Prosody Logo Prosody and Prosodic Models
ICSLP 2002 - September 16, 2002, Denver Colorado
Chilin Shih and Greg Kochanski
Section 1: What is Prosody?

What is prosody?

One way to appreciate prosody is to listen to sentences where the prosody is not quite right. For this, we'd like you to meet two robots, each with differently deficient prosody: R1D1 has defective speech rhythm. R1P1 has defective pitch control.

Duration R1D1 is playful R1D1 has two moods: when he is playful, he picks a random number between 10 and 400 milliseconds and use that for the phone duration.
R1D1 is serious When he is serious, he assigns the same duration value to each phone.
Pitch R1P1 is playful R1P1 doesn't know how to control pitch: when he is playful, he creates random melody for his sentence.
R1P1 is serious When he is serious, he uses the same pitch values, or monotone.

We use the term "prosody" broadly, meaning a time series of speech-related information that's not predictable from a reasonable window (i.e. word-sized or sentence-sized) applied to the phoneme sequence.

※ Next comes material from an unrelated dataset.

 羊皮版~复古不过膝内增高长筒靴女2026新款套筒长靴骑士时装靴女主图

This could include pitch, duration, amplitude, and gestures.

Viewed in the large, prosody is a parallel channel for communication, carrying some information that cannot be simply deduced from the lexical channel. All aspects of prosody are transmitted by muscle motions, and in most of them, the recipient can perceive, fairly directly, the motions of the speaker. Even in intonation, pitch has a fairly smooth relationship to the underlying muscle tensions.

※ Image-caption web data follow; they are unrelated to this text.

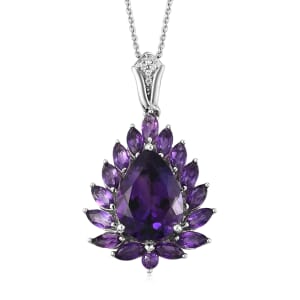 Premium Moroccan Amethyst and Multi Gemstone Pendant Necklace 20 Inches in Platinum Over Sterling Silver 7.50 ctw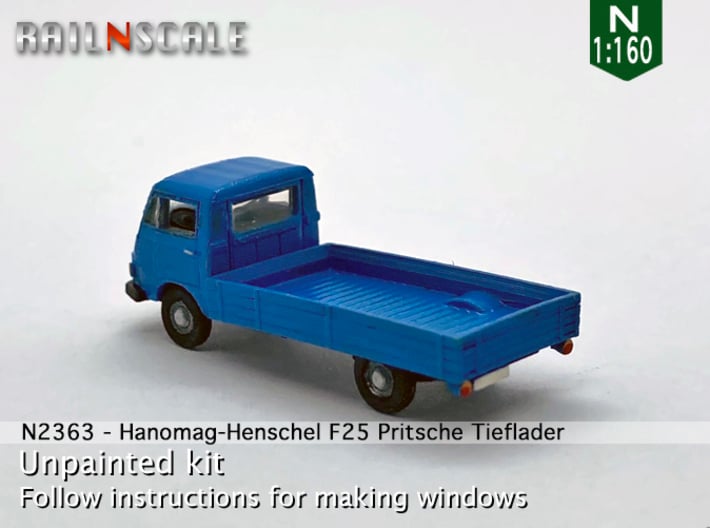 Hanomag-Henschel F25 Pritsche Tieflader (N 1:160) 3d printed 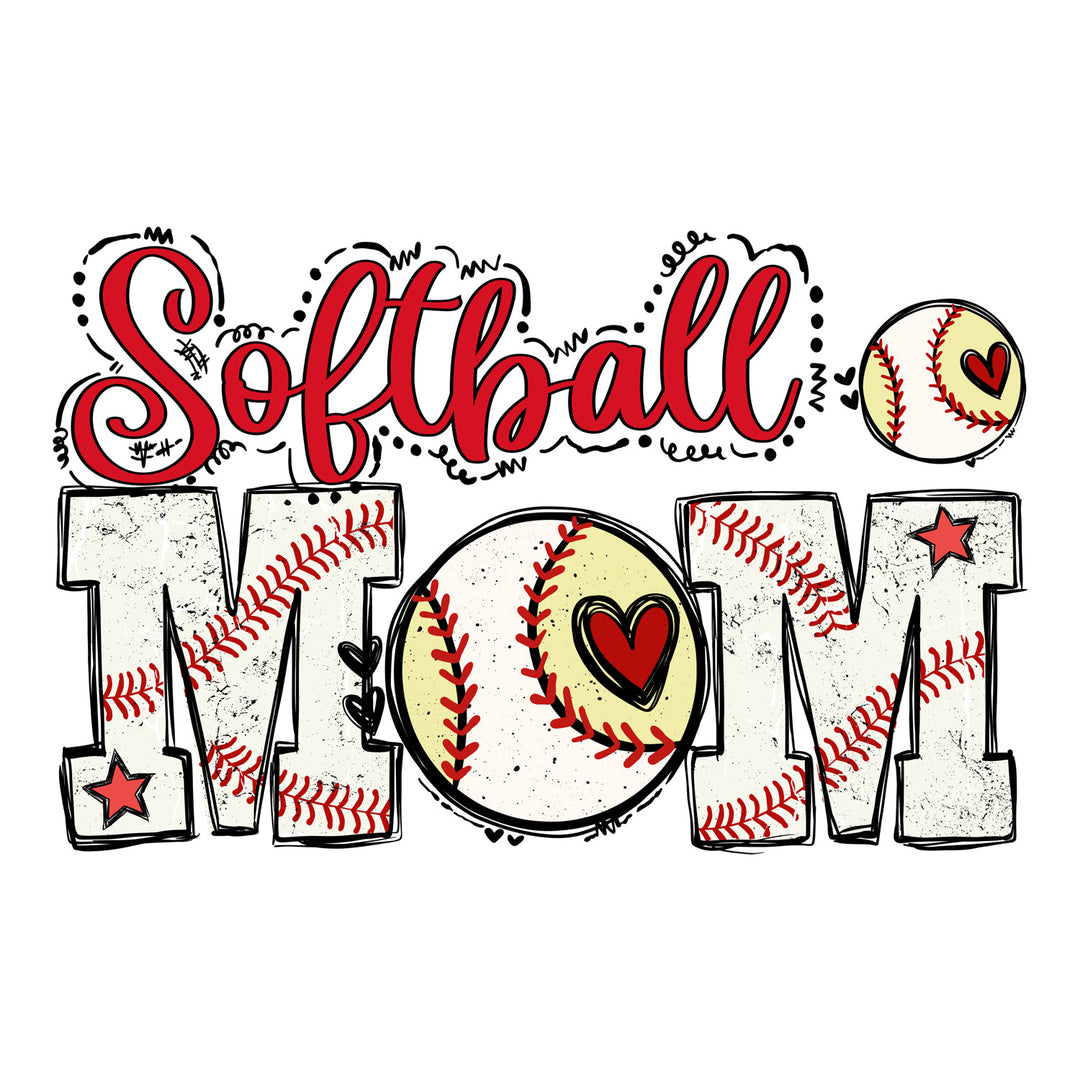 Softball: Softball Mom - DTF Transfer - Direct-to-Film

While pitch is an important component of prosody, it has been known since the 1950s (Fry, 1955; Fry, 1958; Bolinger, 1958; Lieberman, 1960; Hadding-Koch, 1961) that duration and amplitude are also important components. Recent literature (Maekawa, 1998; Kehoe et al., 1995; Sluijter and van Heuven, 1996; Pollock et al., 1990; Sluijter et al., 1997; Turk and Sawusch, 1996, Erickson, 1998 and references therein) also provides support for amplitude, spectral tilt and jaw movement as important components of prosody.

Clearly, with our broad definition of prosody, hand gestures, eyebrow and face motions, can be considered prosody, because they carry information that modifies and can even reverse the meaning of the lexical channel. In this tutorial, however, we concentrate on pitch (f0) modeling.

Prosody, as expressed in pitch, gives clues to many channels of linguistic and para-linguistic information. Linguistic functions such as stress and tone tend to be expressed as local excursions of pitch movement. Intonation types and para-linguistic functions may affect the global pitch setting, in addition to characteristic local pitch excursion near the edge of the sentence (i.e. boundary tones). The combination of multi-channel signals present a challenge to prosody modeling, which we will return to in Section 3.